───── Information given ─────
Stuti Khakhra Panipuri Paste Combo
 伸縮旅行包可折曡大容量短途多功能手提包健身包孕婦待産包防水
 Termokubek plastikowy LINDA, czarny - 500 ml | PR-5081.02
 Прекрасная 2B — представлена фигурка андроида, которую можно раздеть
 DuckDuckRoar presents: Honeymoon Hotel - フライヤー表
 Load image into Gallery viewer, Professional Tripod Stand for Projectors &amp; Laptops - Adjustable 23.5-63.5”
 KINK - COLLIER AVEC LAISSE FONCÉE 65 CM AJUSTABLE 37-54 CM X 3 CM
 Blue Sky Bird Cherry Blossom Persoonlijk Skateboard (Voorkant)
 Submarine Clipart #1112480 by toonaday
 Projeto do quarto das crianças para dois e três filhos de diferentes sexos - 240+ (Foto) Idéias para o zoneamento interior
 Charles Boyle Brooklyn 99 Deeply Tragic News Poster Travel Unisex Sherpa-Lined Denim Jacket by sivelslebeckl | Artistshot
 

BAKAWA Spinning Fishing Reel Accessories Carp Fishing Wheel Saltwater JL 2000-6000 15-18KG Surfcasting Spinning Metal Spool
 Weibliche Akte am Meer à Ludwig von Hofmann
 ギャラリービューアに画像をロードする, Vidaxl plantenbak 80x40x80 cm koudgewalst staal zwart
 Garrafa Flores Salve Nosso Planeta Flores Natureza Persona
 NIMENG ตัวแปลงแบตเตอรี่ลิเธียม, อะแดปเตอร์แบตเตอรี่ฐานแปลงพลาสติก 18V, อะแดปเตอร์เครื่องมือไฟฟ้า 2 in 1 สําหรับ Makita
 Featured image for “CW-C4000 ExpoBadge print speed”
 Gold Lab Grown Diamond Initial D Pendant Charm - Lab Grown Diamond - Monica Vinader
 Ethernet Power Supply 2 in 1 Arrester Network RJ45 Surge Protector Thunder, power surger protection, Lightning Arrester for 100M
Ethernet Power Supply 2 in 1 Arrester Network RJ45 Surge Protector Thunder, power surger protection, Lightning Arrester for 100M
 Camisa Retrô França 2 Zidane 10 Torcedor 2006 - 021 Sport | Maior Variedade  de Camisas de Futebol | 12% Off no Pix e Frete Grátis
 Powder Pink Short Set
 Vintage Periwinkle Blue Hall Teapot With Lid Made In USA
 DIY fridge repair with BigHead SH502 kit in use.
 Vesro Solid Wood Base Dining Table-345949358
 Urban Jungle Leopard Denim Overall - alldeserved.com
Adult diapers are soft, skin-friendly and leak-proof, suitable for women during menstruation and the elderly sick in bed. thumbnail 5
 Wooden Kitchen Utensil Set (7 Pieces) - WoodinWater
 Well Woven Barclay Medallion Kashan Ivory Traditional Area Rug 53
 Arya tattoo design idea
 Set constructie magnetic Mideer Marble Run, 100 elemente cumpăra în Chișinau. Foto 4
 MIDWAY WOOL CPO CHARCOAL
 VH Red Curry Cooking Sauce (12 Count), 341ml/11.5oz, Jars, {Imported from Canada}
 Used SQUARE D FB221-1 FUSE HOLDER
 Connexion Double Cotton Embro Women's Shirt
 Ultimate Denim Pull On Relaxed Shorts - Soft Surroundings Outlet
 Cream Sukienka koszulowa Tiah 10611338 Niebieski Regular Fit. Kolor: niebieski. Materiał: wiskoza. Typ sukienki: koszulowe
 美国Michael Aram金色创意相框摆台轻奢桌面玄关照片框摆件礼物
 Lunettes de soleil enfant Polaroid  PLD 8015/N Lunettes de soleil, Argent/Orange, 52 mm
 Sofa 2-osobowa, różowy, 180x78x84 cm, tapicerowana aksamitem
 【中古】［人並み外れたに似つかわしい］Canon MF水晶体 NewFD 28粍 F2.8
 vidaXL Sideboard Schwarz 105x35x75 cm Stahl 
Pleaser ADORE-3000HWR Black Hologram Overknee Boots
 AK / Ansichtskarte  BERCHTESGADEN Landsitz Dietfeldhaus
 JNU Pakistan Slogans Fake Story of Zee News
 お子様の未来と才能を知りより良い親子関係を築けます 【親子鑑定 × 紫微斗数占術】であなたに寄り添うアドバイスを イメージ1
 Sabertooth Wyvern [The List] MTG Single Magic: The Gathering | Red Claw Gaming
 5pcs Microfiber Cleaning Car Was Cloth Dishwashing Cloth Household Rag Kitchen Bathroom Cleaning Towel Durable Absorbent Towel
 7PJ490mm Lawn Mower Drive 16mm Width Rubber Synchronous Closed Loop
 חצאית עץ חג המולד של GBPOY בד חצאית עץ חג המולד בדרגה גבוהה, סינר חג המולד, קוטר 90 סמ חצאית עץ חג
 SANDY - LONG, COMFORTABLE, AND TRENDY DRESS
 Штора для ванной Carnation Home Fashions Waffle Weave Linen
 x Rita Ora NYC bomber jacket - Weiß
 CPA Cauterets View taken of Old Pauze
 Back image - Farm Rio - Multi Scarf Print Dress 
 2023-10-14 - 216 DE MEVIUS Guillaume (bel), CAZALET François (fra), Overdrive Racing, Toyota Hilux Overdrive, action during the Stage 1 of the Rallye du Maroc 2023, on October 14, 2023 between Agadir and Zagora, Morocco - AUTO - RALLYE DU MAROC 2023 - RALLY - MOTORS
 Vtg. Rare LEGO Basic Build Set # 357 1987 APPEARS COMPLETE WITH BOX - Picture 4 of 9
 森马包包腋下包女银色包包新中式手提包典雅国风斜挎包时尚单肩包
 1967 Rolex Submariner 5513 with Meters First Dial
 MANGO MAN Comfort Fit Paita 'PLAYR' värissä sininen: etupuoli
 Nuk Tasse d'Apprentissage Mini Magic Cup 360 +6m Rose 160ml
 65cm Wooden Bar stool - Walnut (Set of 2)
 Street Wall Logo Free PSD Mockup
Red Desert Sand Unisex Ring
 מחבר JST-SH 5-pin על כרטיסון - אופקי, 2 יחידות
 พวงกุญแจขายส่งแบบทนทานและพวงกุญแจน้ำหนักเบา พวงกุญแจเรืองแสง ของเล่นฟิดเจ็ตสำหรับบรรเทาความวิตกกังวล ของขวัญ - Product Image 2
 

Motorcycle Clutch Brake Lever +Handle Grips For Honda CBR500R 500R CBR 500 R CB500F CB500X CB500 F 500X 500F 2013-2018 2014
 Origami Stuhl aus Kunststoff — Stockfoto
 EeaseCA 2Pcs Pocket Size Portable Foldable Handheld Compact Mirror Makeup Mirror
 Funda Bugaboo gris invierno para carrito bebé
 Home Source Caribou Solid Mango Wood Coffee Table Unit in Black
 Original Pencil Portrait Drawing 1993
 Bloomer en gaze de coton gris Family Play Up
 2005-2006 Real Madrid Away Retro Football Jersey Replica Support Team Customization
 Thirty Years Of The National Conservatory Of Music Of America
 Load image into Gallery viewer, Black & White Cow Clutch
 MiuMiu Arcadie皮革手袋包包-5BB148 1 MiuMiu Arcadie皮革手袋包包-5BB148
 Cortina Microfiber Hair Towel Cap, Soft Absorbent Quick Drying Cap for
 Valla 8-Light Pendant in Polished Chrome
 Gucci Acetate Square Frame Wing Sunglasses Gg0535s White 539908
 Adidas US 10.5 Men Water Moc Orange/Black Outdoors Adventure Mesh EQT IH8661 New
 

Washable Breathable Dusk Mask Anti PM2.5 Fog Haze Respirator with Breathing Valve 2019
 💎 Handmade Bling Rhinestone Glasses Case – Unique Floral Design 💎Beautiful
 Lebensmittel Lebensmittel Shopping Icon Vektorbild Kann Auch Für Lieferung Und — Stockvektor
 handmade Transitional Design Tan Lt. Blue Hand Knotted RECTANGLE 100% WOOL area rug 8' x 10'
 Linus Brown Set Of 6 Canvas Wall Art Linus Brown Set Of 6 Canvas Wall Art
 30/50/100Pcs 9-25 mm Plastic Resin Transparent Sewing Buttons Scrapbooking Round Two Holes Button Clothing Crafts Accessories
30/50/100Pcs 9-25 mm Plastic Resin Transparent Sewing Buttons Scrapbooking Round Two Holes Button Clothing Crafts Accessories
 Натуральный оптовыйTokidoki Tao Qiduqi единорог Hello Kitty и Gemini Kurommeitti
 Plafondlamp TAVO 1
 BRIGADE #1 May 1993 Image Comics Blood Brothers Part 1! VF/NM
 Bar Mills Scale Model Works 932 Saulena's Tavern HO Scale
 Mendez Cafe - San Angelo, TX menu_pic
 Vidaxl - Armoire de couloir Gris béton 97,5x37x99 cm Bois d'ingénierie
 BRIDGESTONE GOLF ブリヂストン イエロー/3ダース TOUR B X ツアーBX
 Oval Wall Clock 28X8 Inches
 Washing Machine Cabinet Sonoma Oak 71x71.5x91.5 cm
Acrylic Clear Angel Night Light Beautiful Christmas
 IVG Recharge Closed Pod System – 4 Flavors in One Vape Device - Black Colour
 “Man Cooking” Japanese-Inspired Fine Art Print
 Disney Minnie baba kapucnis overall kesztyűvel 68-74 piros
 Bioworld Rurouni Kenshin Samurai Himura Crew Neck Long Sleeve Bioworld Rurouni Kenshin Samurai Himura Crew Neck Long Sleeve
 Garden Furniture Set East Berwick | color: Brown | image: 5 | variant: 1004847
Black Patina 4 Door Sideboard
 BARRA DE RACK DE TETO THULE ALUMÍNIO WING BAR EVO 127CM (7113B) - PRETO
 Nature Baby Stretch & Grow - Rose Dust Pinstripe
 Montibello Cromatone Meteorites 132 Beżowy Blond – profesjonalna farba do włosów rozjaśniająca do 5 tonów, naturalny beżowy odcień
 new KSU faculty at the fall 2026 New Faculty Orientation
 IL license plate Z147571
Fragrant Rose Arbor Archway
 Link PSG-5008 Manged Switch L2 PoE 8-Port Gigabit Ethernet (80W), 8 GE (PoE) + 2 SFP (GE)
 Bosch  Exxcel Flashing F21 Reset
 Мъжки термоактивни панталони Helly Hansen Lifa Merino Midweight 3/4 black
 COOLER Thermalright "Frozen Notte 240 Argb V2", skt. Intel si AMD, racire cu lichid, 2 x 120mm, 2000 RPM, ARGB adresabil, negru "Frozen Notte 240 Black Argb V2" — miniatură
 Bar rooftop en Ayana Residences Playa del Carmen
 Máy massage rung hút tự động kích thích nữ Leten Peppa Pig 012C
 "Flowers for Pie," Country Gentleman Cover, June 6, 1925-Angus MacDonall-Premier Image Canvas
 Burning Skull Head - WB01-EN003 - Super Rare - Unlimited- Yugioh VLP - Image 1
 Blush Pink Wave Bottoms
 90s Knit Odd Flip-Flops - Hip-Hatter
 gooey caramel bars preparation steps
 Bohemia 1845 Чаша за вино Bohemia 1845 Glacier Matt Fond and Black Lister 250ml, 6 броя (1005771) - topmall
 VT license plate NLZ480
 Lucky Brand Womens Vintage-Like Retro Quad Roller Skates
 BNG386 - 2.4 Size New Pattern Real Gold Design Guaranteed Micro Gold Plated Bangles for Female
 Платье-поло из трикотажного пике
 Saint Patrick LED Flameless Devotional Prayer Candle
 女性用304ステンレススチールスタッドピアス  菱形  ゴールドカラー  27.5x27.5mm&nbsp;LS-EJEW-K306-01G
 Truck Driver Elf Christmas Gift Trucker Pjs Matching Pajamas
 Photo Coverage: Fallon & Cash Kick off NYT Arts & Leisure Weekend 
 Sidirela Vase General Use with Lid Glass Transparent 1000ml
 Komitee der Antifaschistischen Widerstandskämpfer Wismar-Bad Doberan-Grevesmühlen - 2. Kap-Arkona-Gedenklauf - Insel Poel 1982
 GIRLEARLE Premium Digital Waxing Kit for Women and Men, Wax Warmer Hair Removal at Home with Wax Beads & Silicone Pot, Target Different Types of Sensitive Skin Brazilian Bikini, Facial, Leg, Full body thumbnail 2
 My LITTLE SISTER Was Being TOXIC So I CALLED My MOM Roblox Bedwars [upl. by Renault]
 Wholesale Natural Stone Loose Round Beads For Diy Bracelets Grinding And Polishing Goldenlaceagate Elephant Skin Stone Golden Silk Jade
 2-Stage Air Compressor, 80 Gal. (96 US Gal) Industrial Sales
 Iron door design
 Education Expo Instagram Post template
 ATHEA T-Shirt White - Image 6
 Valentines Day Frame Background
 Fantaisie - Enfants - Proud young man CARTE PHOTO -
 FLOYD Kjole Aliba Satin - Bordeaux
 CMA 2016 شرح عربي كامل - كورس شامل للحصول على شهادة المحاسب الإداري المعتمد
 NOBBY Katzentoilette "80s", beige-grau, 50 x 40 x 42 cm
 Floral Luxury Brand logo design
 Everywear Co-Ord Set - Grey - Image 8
─────
**Exercise details**.
Using the material above, state how many lines include the string "Resin". Answer with a single number.

**Task output**.
2